RECORDS FOR THIS TASK section start
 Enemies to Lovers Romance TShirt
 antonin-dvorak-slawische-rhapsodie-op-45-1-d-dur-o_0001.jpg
RECORDS FOR THIS TASK section end
RECORDS FOR THIS TASK section start
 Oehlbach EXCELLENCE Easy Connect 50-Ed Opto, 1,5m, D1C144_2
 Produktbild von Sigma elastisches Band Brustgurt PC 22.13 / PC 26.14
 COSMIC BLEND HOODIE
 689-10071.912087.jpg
RECORDS FOR THIS TASK section end
RECORDS FOR THIS TASK section start
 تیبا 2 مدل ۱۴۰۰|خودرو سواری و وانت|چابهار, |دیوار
RECORDS FOR THIS TASK section end
Could you retype exactly the lines above, starting at the line that contains "Oehlbach EXCELLENCE Easy" and ending at the line that contains "689-10071.912087.jpg", and nothing more?

▸ RESPONSE FOR THIS EXERCISE:
 Oehlbach EXCELLENCE Easy Connect 50-Ed Opto, 1,5m, D1C144_2
 Produktbild von Sigma elastisches Band Brustgurt PC 22.13 / PC 26.14
 COSMIC BLEND HOODIE
 689-10071.912087.jpg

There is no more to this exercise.